• Task item: Would you please copy all of the data exactly, skipping the images?

*** Provided material Section Begins ***

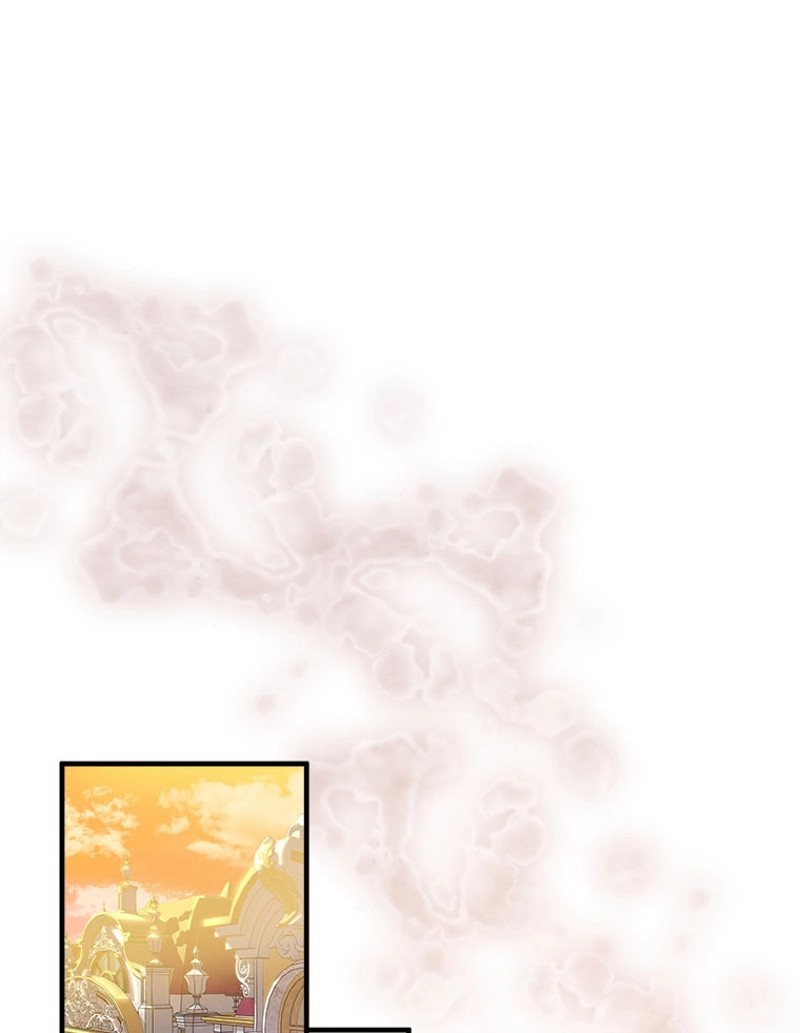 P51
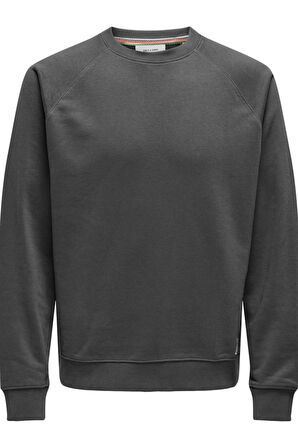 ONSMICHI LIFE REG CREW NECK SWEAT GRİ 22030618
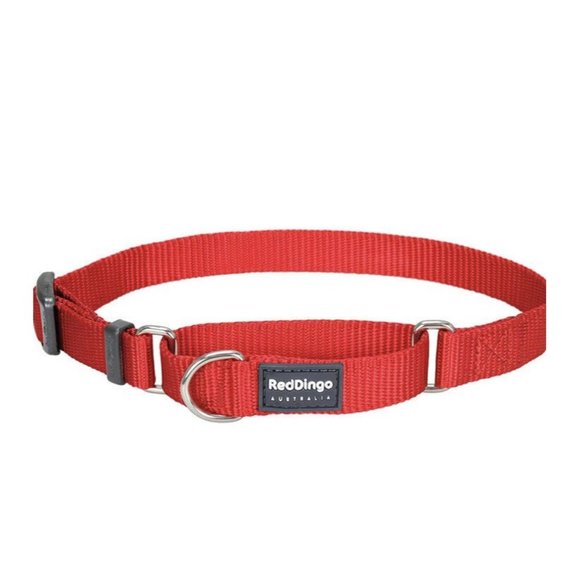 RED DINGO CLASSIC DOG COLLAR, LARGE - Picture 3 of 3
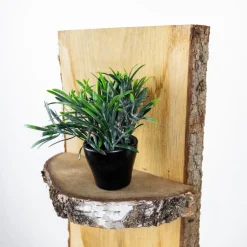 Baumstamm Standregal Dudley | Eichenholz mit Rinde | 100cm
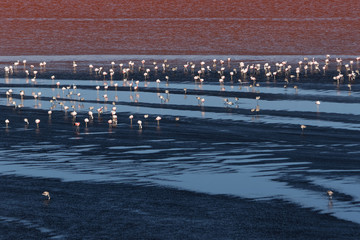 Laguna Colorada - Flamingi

*** Provided material Section Ends ***

• Answer section:
 P51
 ONSMICHI LIFE REG CREW NECK SWEAT GRİ 22030618
 RED DINGO CLASSIC DOG COLLAR, LARGE - Picture 3 of 3
 Baumstamm Standregal Dudley | Eichenholz mit Rinde | 100cm
 Laguna Colorada - Flamingi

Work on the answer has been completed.